*** Data below Section Begins ***
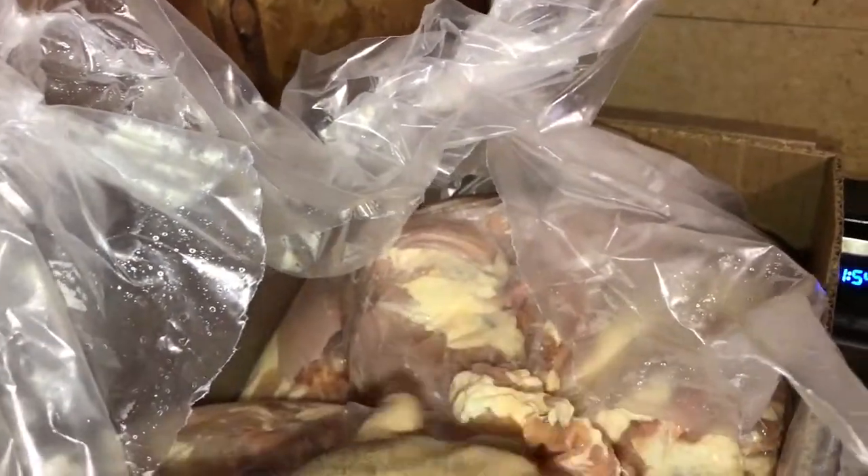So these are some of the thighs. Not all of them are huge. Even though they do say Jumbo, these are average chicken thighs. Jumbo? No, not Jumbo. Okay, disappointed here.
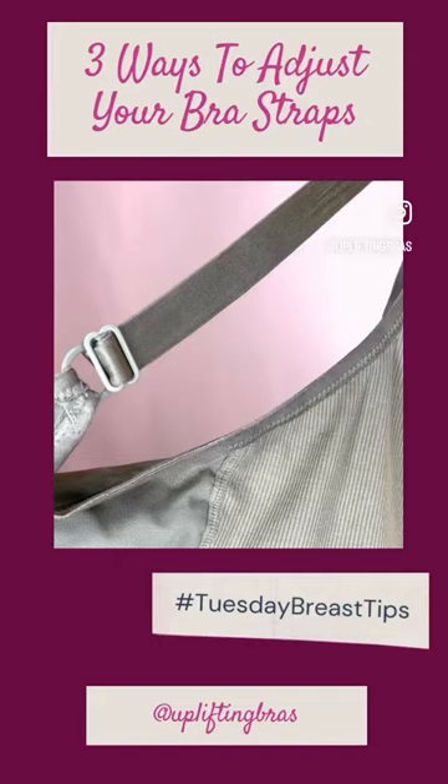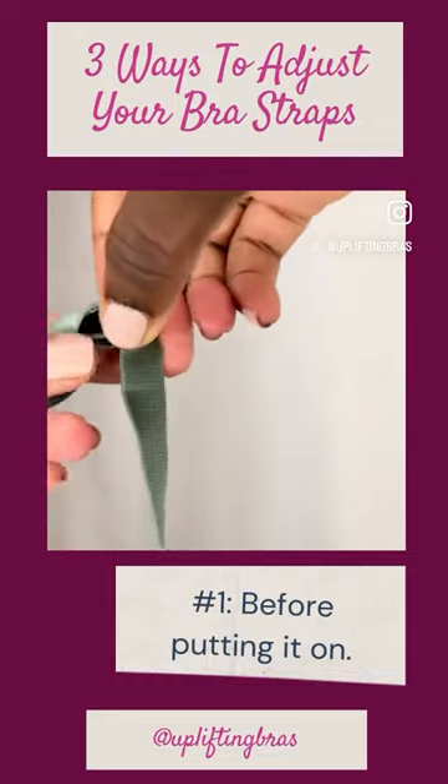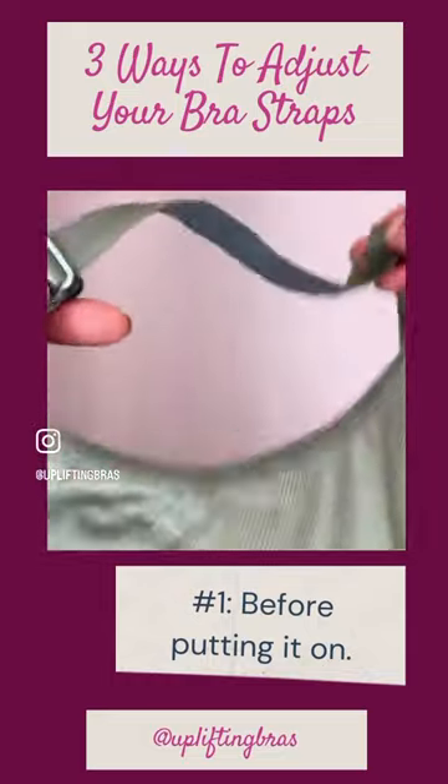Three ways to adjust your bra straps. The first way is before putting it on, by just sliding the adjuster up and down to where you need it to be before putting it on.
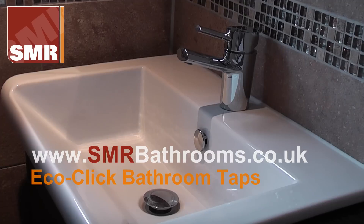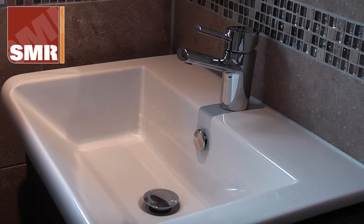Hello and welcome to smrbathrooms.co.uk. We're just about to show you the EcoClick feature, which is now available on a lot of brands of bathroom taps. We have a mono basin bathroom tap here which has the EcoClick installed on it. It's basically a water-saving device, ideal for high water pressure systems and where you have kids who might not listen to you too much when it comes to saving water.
*** Data below Section Ends ***
● **Task prompt**:
Copy out all the data above exactly, minus the images.

● **Written answer**:
So these are some of the thighs. Not all of them are huge. Even though they do say Jumbo, these are average chicken thighs. Jumbo? No, not Jumbo. Okay, disappointed here.
Three ways to adjust your bra straps. The first way is before putting it on, by just sliding the adjuster up and down to where you need it to be before putting it on.
Hello and welcome to smrbathrooms.co.uk. We're just about to show you the EcoClick feature, which is now available on a lot of brands of bathroom taps. We have a mono basin bathroom tap here which has the EcoClick installed on it. It's basically a water-saving device, ideal for high water pressure systems and where you have kids who might not listen to you too much when it comes to saving water.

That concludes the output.